Un diagramme, extrait de l’étude, explique le processus par lequel les cratères explosifs pourraient se former. Le gaz naturel s’accumulant sur une couche de sédiments est représenté en violet. (Helge Hellevang et col./ EarthArXiv)
Les chercheurs suggèrent donc que c’est ce phénomène qui est à l’origine du cratère. La région regorge de réserves de gaz naturel, ce qui va dans le sens de leur théorie. Selon leur modèle, d’autres cratères auraient pu être créés et disparaître depuis, l’eau et le sol environnants ayant comblé le vide.
Selon les chercheurs :
Il s’agit d’une région très isolée, et nous ne connaissons donc pas le nombre exact de cratères. Si vous regardez l’image satellite de la péninsule de Yamal, vous verrez des milliers de ces dépressions rondes qui ressemblent à des plaques. La plupart d’entre elles, voire toutes, pourraient être des thermokarsts, mais il pourrait également s’agir de cratères antérieurs qui se sont formés.

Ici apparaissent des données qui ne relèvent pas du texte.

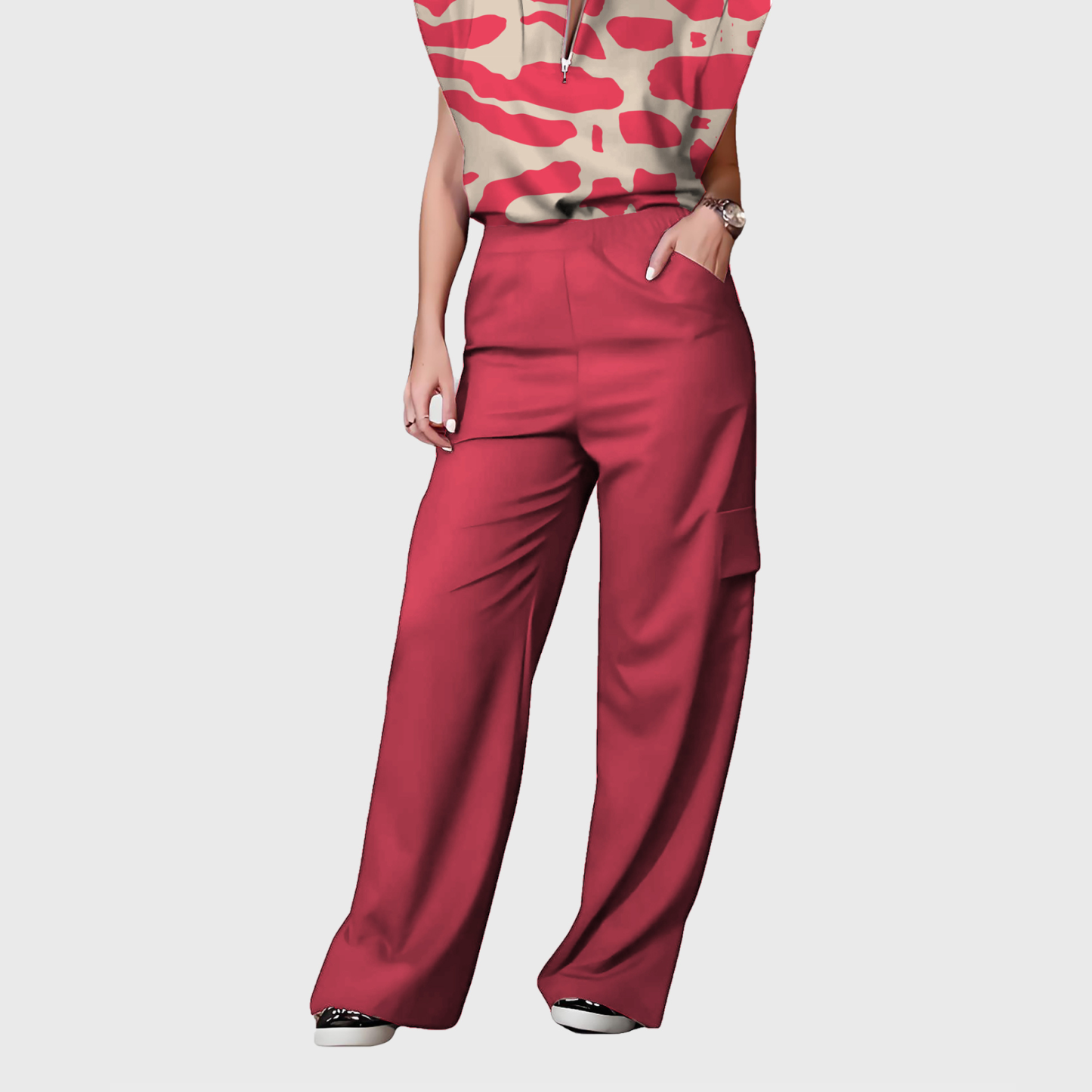 Women's Cargo Scrub Pants with Stylish Tailoring Details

Bien que l’idée soit valable, il faudra davantage de preuves pour démontrer que ces réserves de gaz s’accumulent sous le pergélisol. Toutefois, si l’hypothèse s’avère exacte, les modèles climatiques pourraient s’en trouver perturbés.
Le gaz naturel contient beaucoup de méthane, un puissant gaz à effet de serre. Cela pourrait signifier que les cratères agissent comme d’énormes cheminées par lesquelles ce produit chimique nocif pourrait être libéré soudainement dans l’atmosphère.
Les chercheurs se montrent toutefois prudents. Si ce phénomène n’existe que dans cette zone très limitée, il se peut que l’impact soit infime à l’échelle mondiale. S’il est probable qu’une grande quantité de méthane soit stockée dans les réserves souterraines, on ne sait pas exactement quelle quantité pourrait s’en échapper, c’est ce qu’ils devront tenter de déterminer à l’avenir.
Toujours selon les chercheurs :
Nous pourrons alors établir un budget plus réaliste sur la quantité de méthane qui peut être libérée en raison du réchauffement atmosphérique ou du changement climatique.
Cette théorie n’a pas encore subi le processus d’évaluation par les pairs pour une publication, mais elle est disponible en prépublication dans EarthArXiv : Formation of giant Siberian gas emission craters (GECs).